Hence, \[{\cos ^{ - 1}}\left( {\cos \dfrac{{7{\rm{\pi }}}}{6}} \right)\]is equal to \[\dfrac{{7{\rm{\pi }}}}{6}\]

So, option A is correct.

Note:
Inverse of a function is the function which is totally opposite of the main function. The relation between the sides and angles of a right triangle is the basis for trigonometry. Right Triangle is a triangle where one of its interior angles is a right angle (90 degrees). The side opposite the right angle is called the hypotenuse.

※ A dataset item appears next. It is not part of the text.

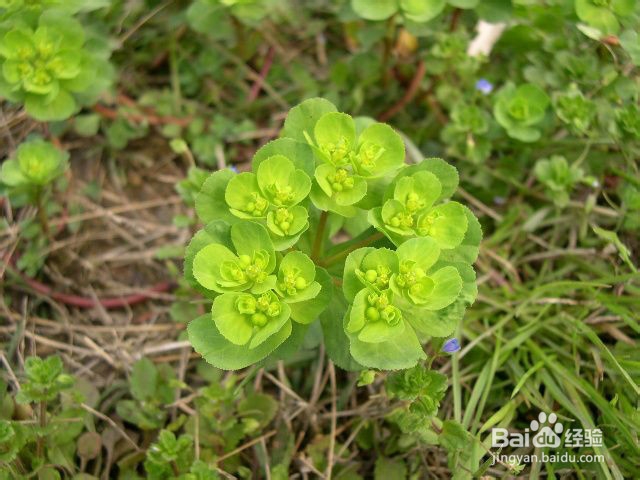 生活中常见中草药及其疗效(四)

The sides adjacent to the right angle are called base.
We have to remember all the trigonometry formulas
\[{\rm{sin A = }}\dfrac{{{\text{side opposite to angle A}}}}{{{\text{hypotenuse}}}}\], \[{\rm{cos A = }}\dfrac{{{\text{side adjacent to angle A}}}}{{{\text{hypotenuse}}}}\], \[{\rm{tan A = }}\dfrac{{{\text{side opposite to angle A}}}}{{{\text{side adjacent to angle A}}}}\], \[{\rm{cot A = }}\dfrac{1}{{{\rm{tan A}}}}\], \[{\rm{sec A = }}\dfrac{1}{{{\rm{cos A}}}}\], \[{\rm{cosec A = }}\dfrac{1}{{{\rm{sin A}}}}\]